> [TASK STATEMENT]
Only the lines from the one that contains "Producto - GORRO LANA CHICO C/POMPOM" to the last line below, both included, should be transcribed. Pictures stay out of the copy.
|---|
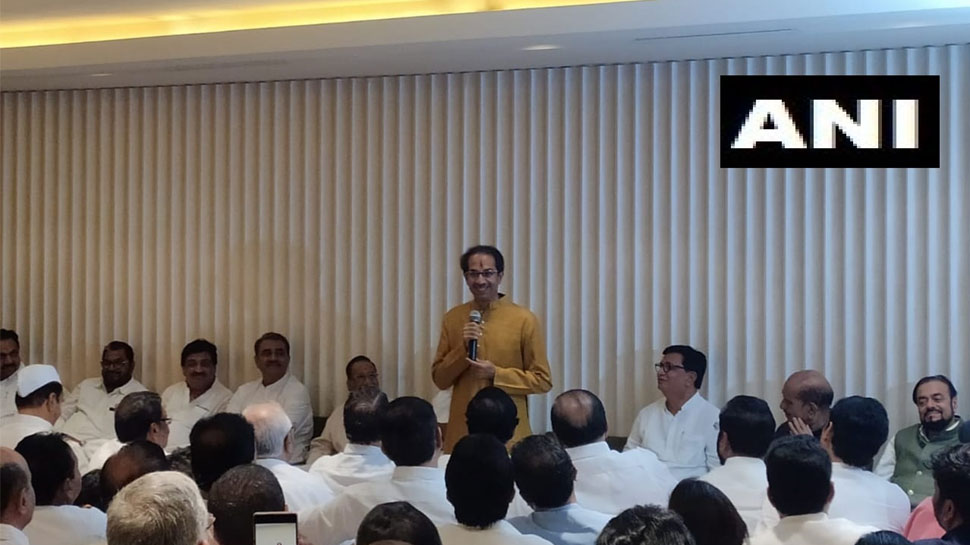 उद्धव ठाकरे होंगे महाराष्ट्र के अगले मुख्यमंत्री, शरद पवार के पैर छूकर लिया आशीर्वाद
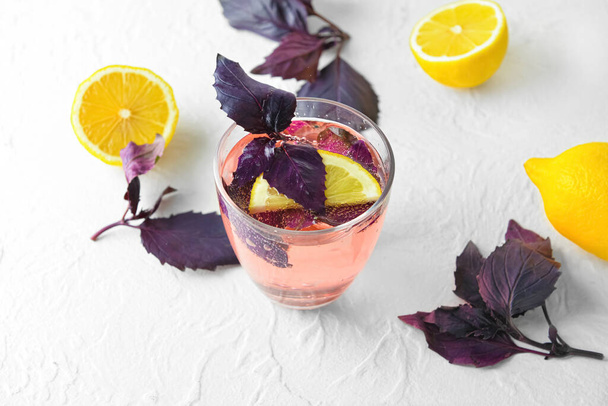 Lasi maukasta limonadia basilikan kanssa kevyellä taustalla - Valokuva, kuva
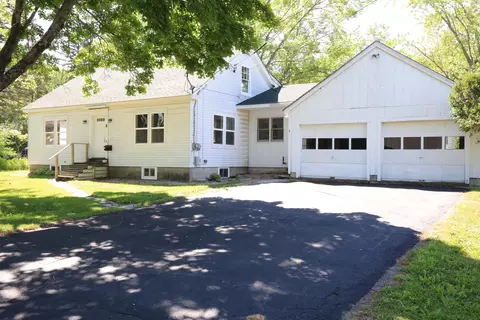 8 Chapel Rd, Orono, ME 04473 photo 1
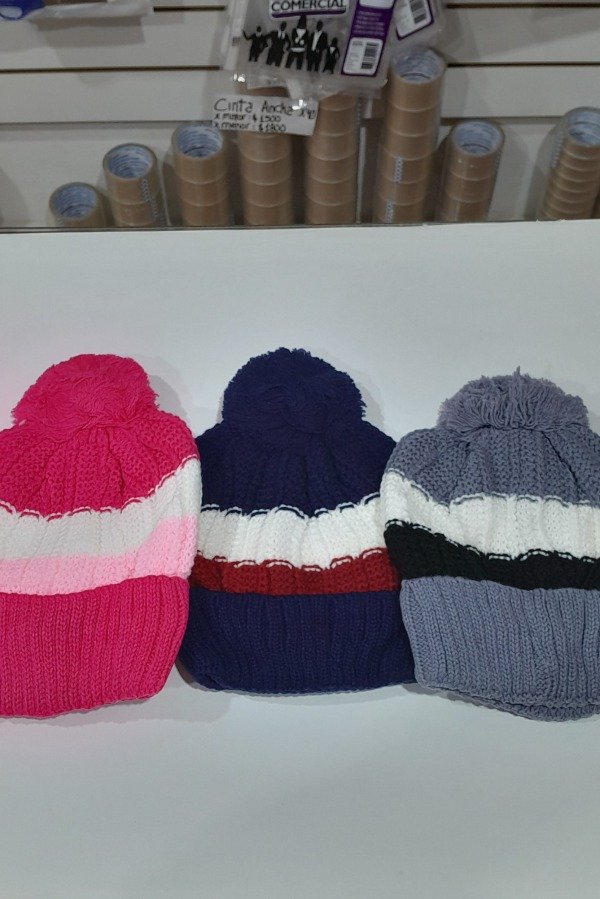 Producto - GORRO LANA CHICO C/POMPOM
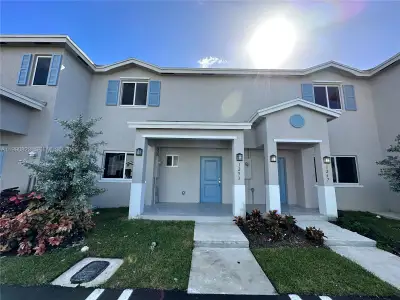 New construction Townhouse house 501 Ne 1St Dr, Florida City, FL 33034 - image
|---|
> [ANSWER FOR THIS EXERCISE]
 Producto - GORRO LANA CHICO C/POMPOM
 New construction Townhouse house 501 Ne 1St Dr, Florida City, FL 33034 - image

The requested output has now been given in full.